Paper Summary: Hidden Technical Debt in Machine Learning SystemsLast updated:
- MY 2¢
Please note This post is mainly intended for my personal use. It is not peer-reviewed work and should not be taken as such.
Authors list several ways in which ML-enabled systems have extra layers of technical debt when compared to regular systems.
Coupling between features
Coupling between features and configurations in models that take feature interaction into consideration.
One way to avoid this is to use simpler models such as linear models where taking one feature out doesn't completely break the model; only makes it slightly less accurate.
Coupling between use contexts
This happens when a model \(M\), trained for some context \(A\) is adapted to work for a slightly different problem \(A'\).
This is done, for example, by multiplying the output of model \(M\) by some number, to give a score that can be used for problem \(A'\).
When this happens, the original model \(M\) cannot be either changed or updated anymore, without breaking other derived models.
Coupling between consumer teams
Undeclared Consumers: this happens when the model maintainer is not aware of other teams using the model's output for business decisions.
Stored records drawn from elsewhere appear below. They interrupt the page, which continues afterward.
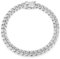 Tony Fein Panzerarmband 7 mm 925 Sterling Silber Rhodiniert mit Zirkonia Stein Massiv für Damen und Herren 18 cm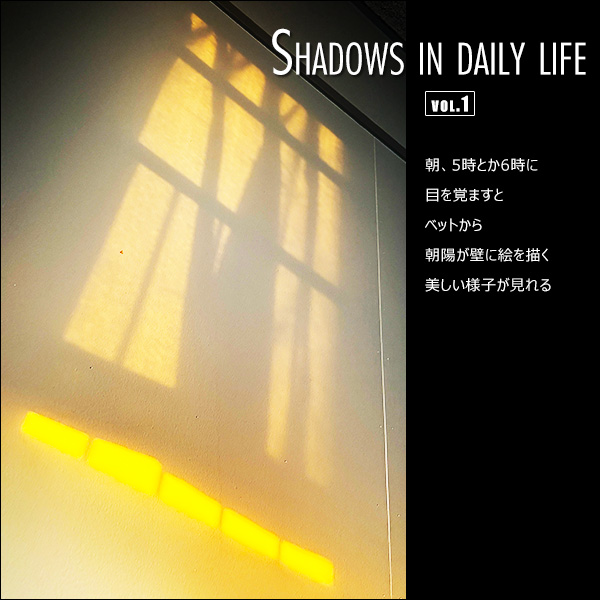 Shadows in daily life. vol.1 朝、5時とか6時に目を覚ますと、ベットから朝陽が壁に絵を描く美しい様子が見れる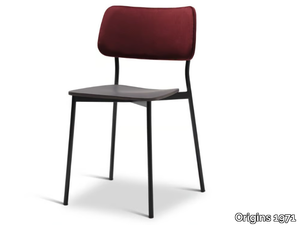 ULI METAL 327-M - Stackable steel chair with velvet back _ Origins 1971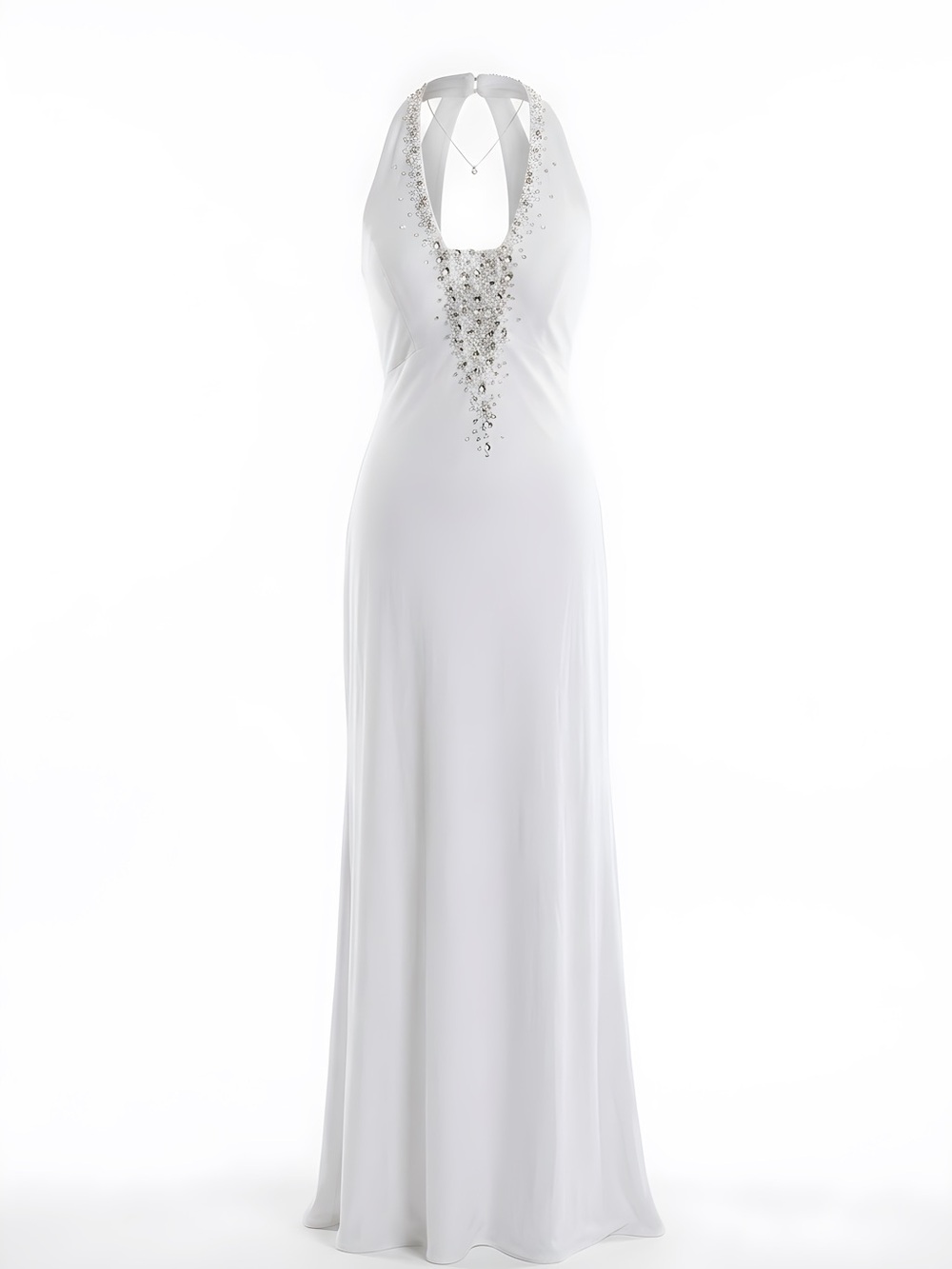 Ignite Evenings White Beaded V-Neck Maxi Dress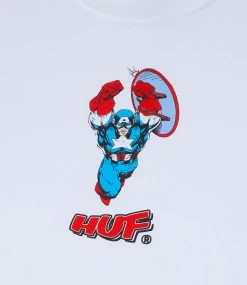 HUF Cap No Cap S/S Tee - White -Skateboard Kortingswinkel huf cap no cap s s tee white 2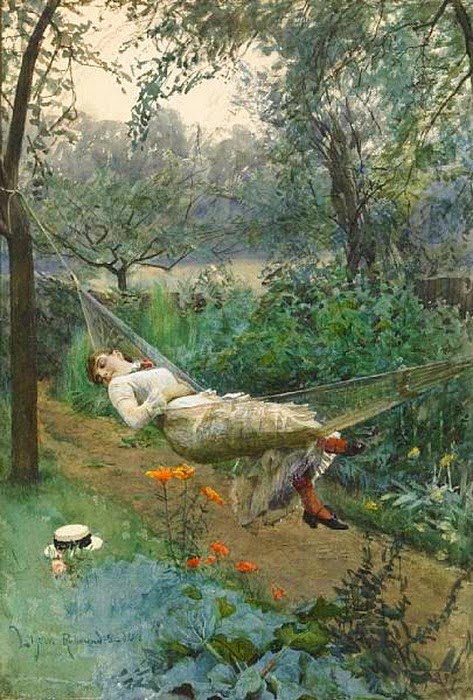 In the Hammock by Anders Zorn,A3(16x12")Poster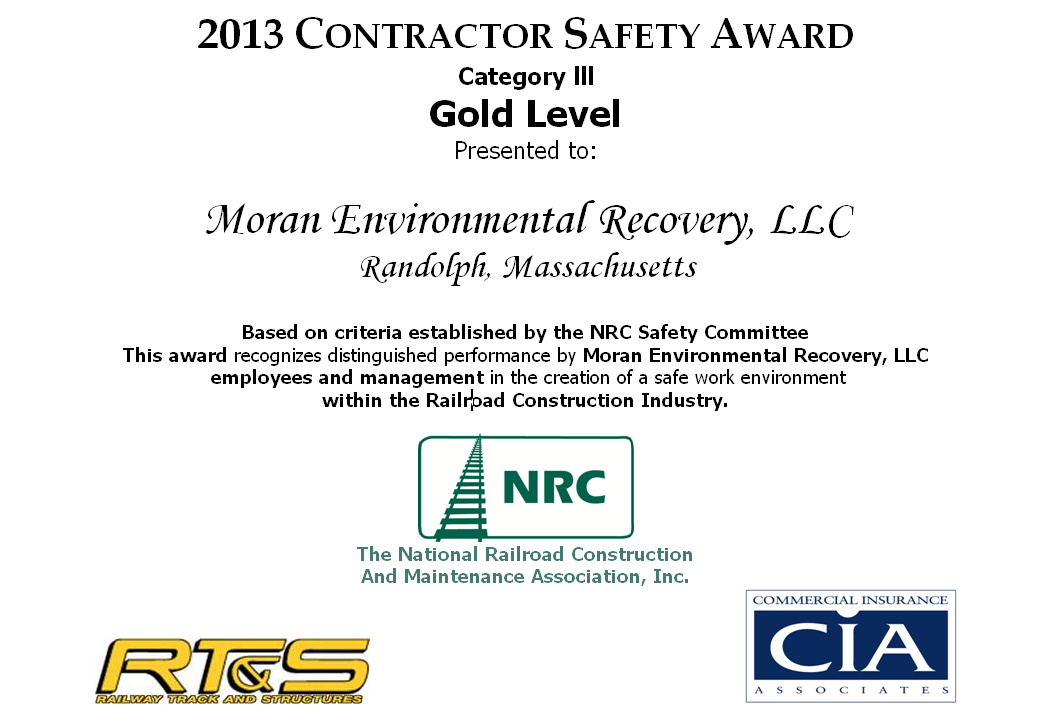 2013 Gold Contractor Award Safety MER
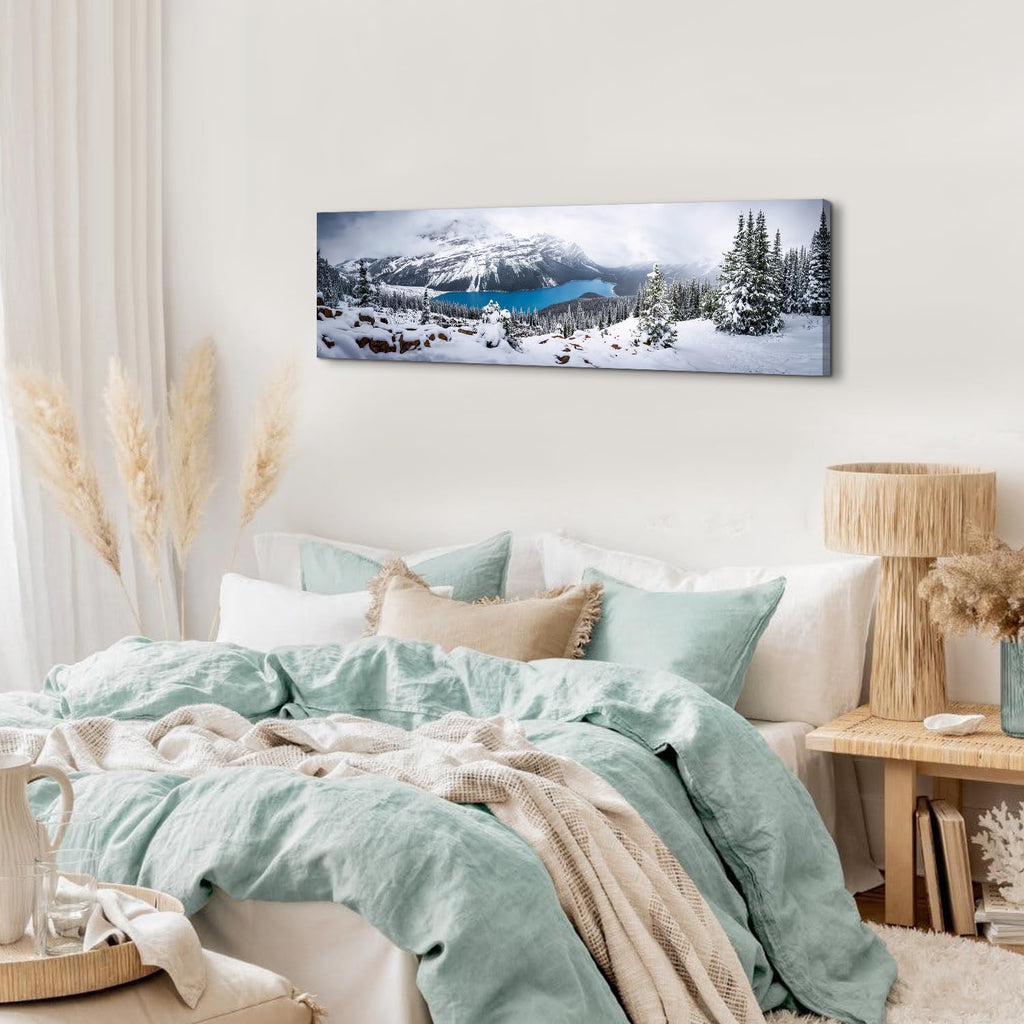 Snow Mountain Canvas Wall Art White Clouds Misty Forest Landscape Prints Picture Wall Decor Winter Tree Blue Lake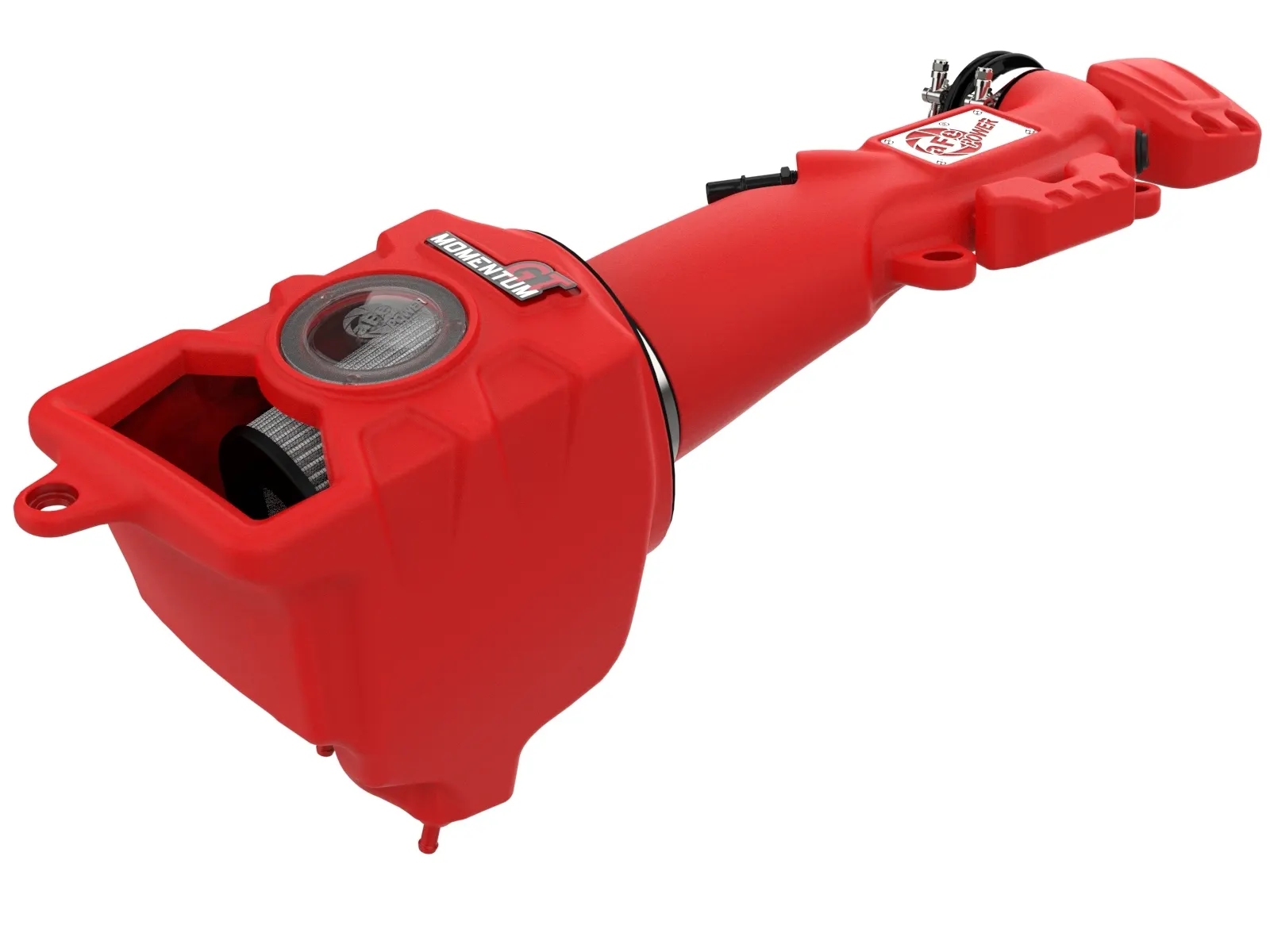 Bright red aFe POWER Momentum Cold Air Intake with grey air filter on white background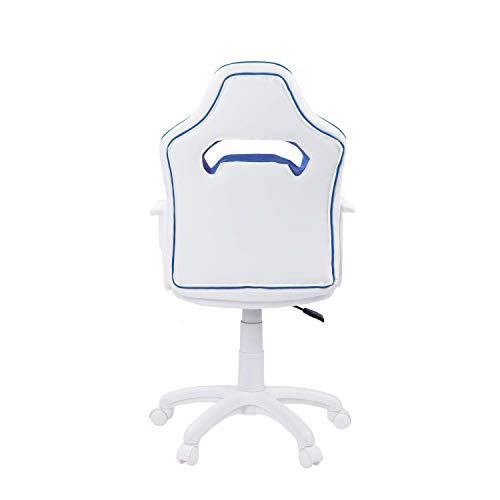 DRW, Silla Gamer, Silla de Oficina Gaming Estudio o Escritorio, Acabado en Símil Piel Blanco y Azul, Medidas: 60 cm (Ancho) x 60 cm (Fondo) x 98-108 cm (Alto)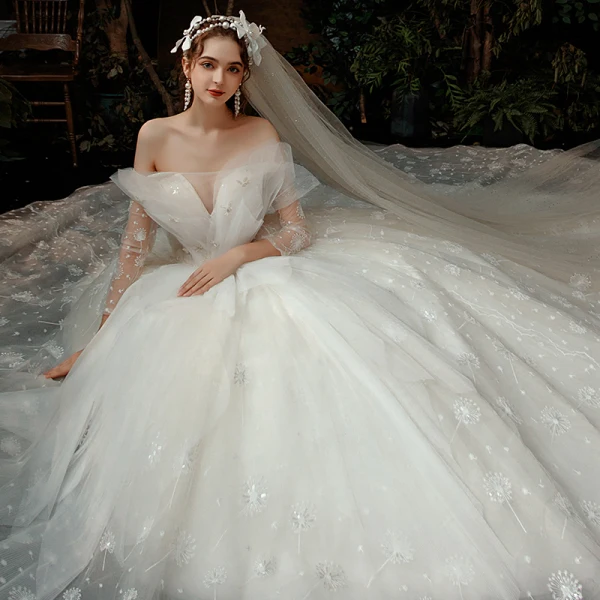 Fabulous Champagne Bridal Wedding Dresses 2020 Ball Gown Off-The-Shoulder 3/4 Sleeve Backless Appliques Lace Sequins Cathedral Train Ruffle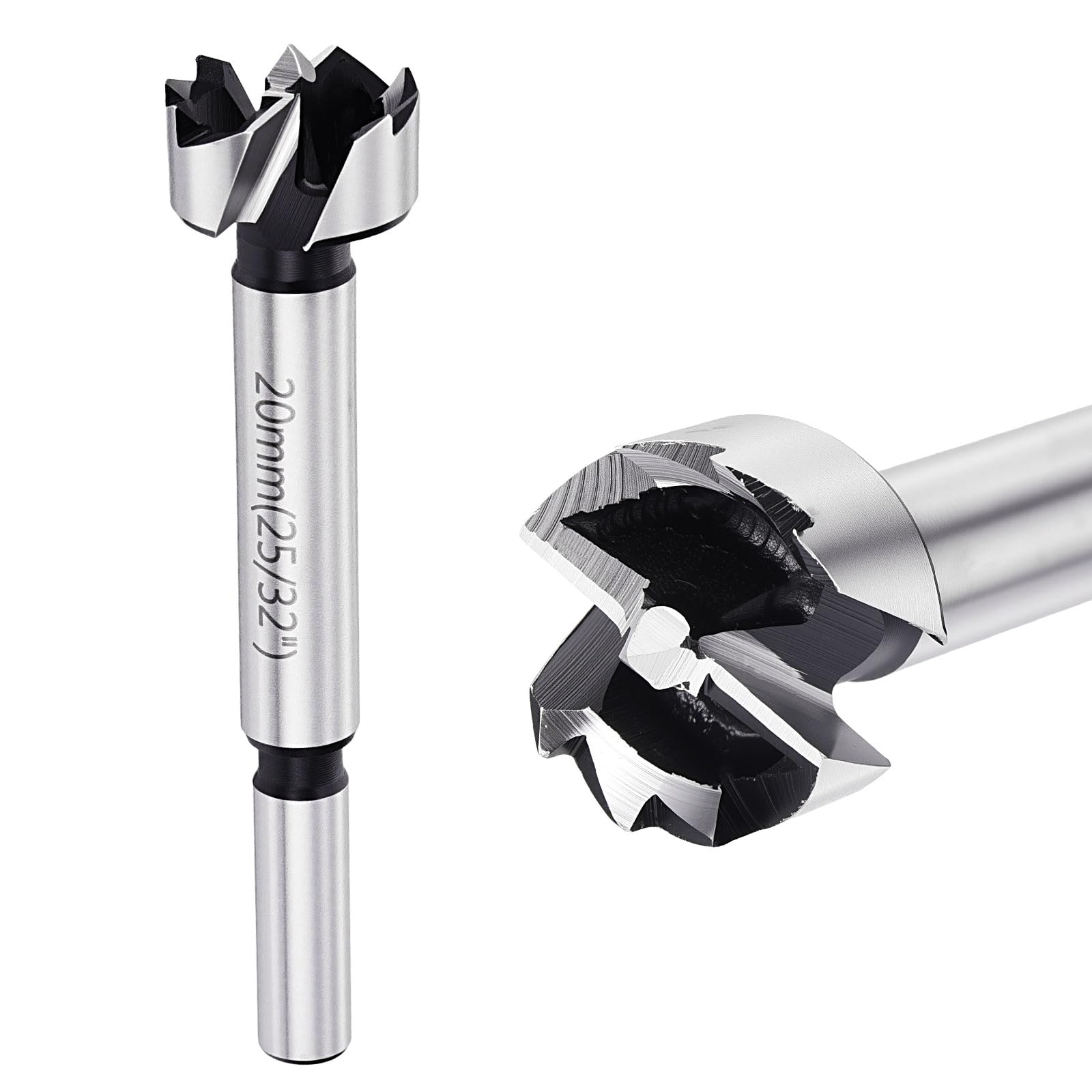 DTGN 20mm Forstner Drill Bits 25/32" - 2Pack - Good for Wood Plastic Plywood - Multi-Tooth Carbon Steel Woodworking Hole Saw Cutter with Round Shank - Silver — image 1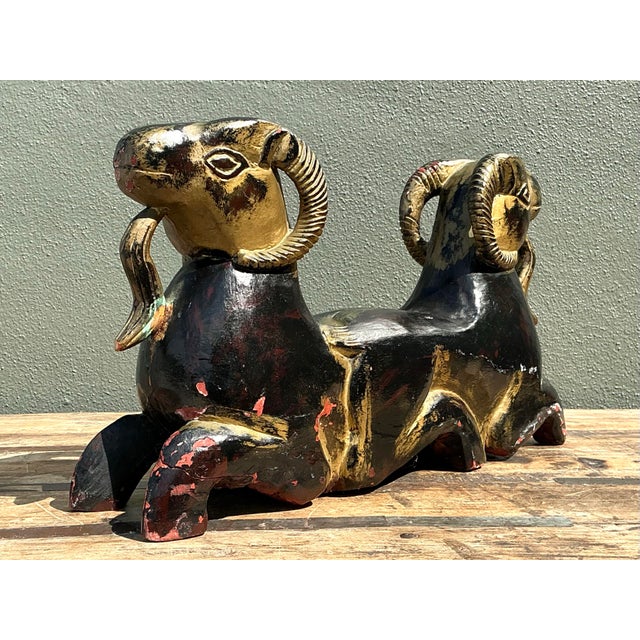 Vintage Egyptian Gilt Tipped Rams Head Sculpture For Sale In West Palm - Image 6 of 12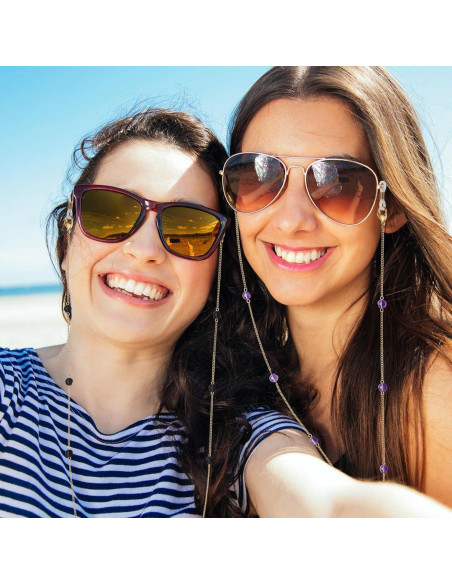 Cadena de Gafas de Piedra Obsidiana 73.66 cm - CIOKOL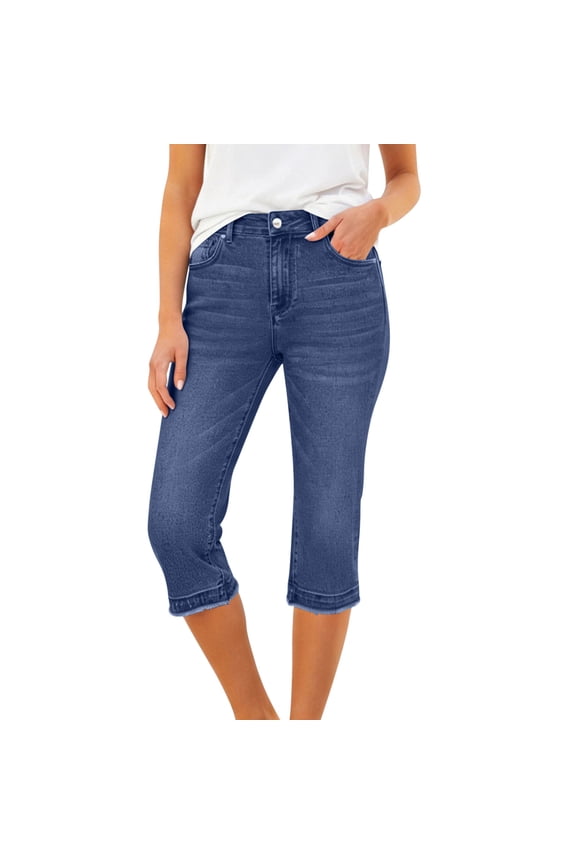 Capri Jeans for Women Trendy Mid Waisted Stretch Denim Jean Capris Summer Casual Cropped Pants with Pockets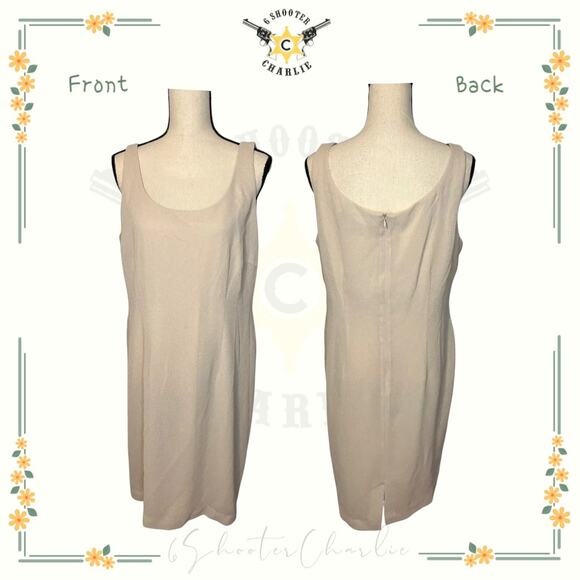 JESSICA HOWARD Evenings 90s Vintage Taupe Polyester Maxi Shift Dress Size 16 - Picture 9 of 9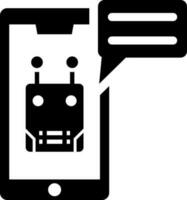 Robotic voice assistant in smartphone icon. vector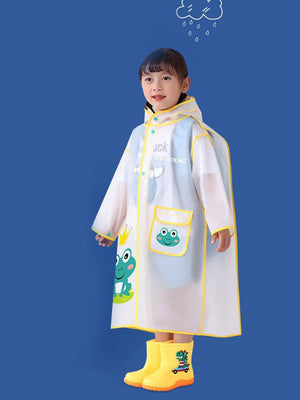 Little Surprise Box,Frog Yellow Bordered Translucent long style Raincoat for kids - LSB - RC - TRANS - YELBORDRFROG - L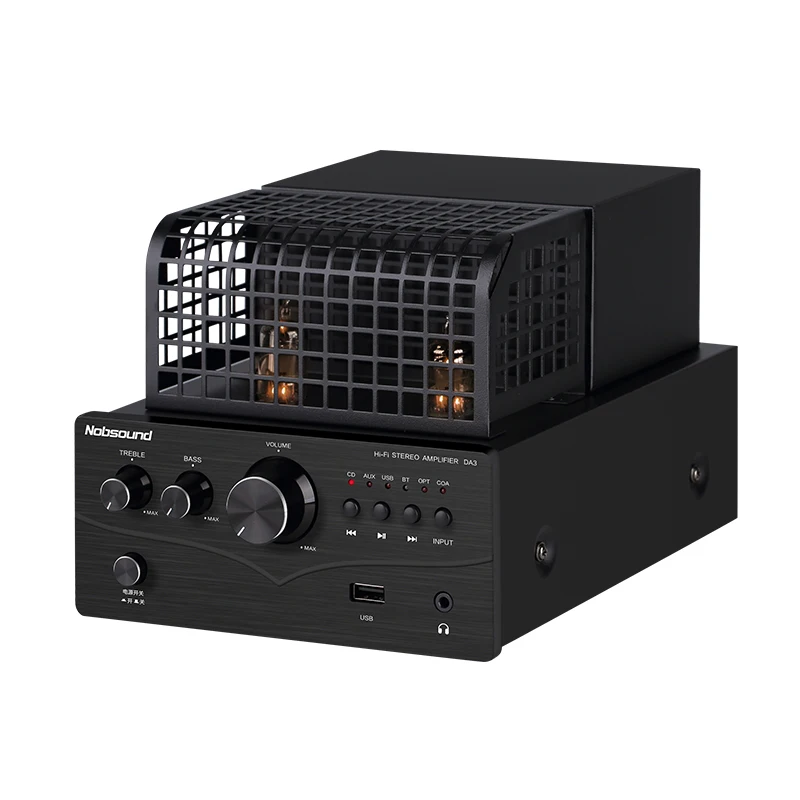 

HIFI Tube Amplifier Bluetooth 5.0 High Bass Adjustable Audio Amplifier 2.1 Channel USB Lossless Playback Optical Coaxial Input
This can create problems because updating the model can have nontrivial effects in other parts of the stack.
It can also induce a feedback loop if the model maintainer is unaware that the training data may be affected by the model decisions themselves.
This happens when models use features built from unstable data sources, such as the output of other models, flaky ETL pipelines, etc.
Changes and problems in any code used in building these features may cause models to break or malfunction.
These are some ways to reduce the risk of model problems due to data dependencies:
Using versioned data to limit propagating upstream changes from affecting downstream systems.
Remove features that aren't in use anymore
Remove features that don't add much value to the model predictive power (bad features, correlated features, etc)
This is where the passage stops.